◆ Work task: This exercise calls for an exact copy of the listing, with no pictures kept.

◆ Dataset excerpt:
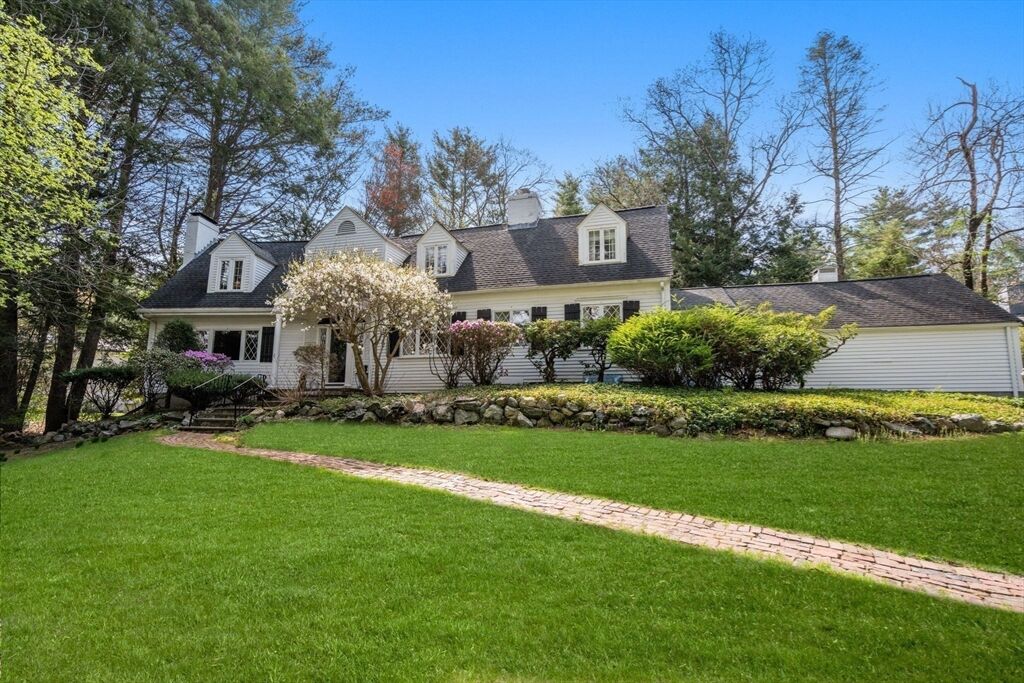 Property Photo: 167 Conant Rd MA 02493
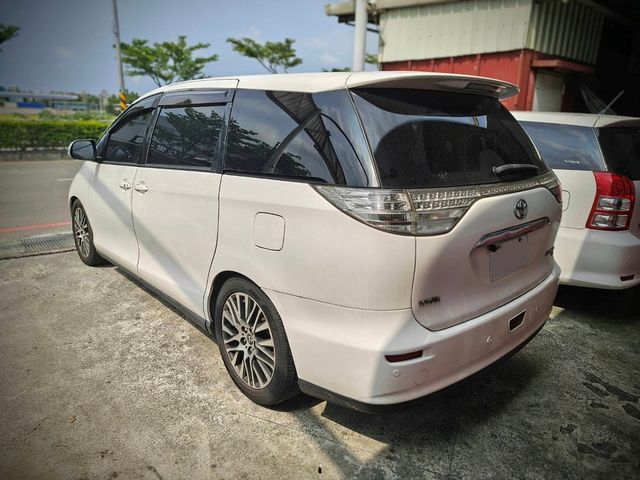 TOYOTA豐田 PREVIA  第2張相片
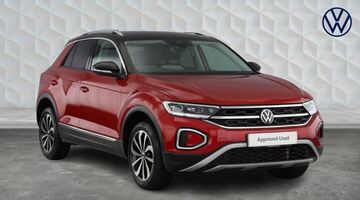 2022 Volkswagen TSI Style DSG Euro 6 5-door (Red) - Image: 1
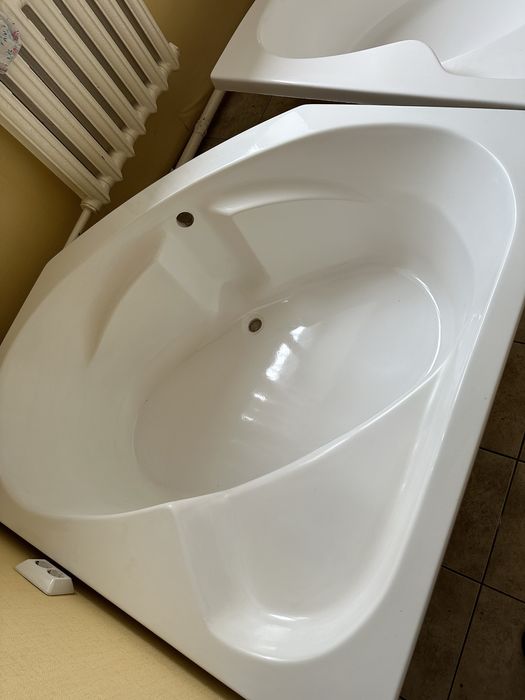 Продам угловую ванну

◆ Exercise output:
 Property Photo: 167 Conant Rd MA 02493
 TOYOTA豐田 PREVIA  第2張相片
 2022 Volkswagen TSI Style DSG Euro 6 5-door (Red) - Image: 1
 Продам угловую ванну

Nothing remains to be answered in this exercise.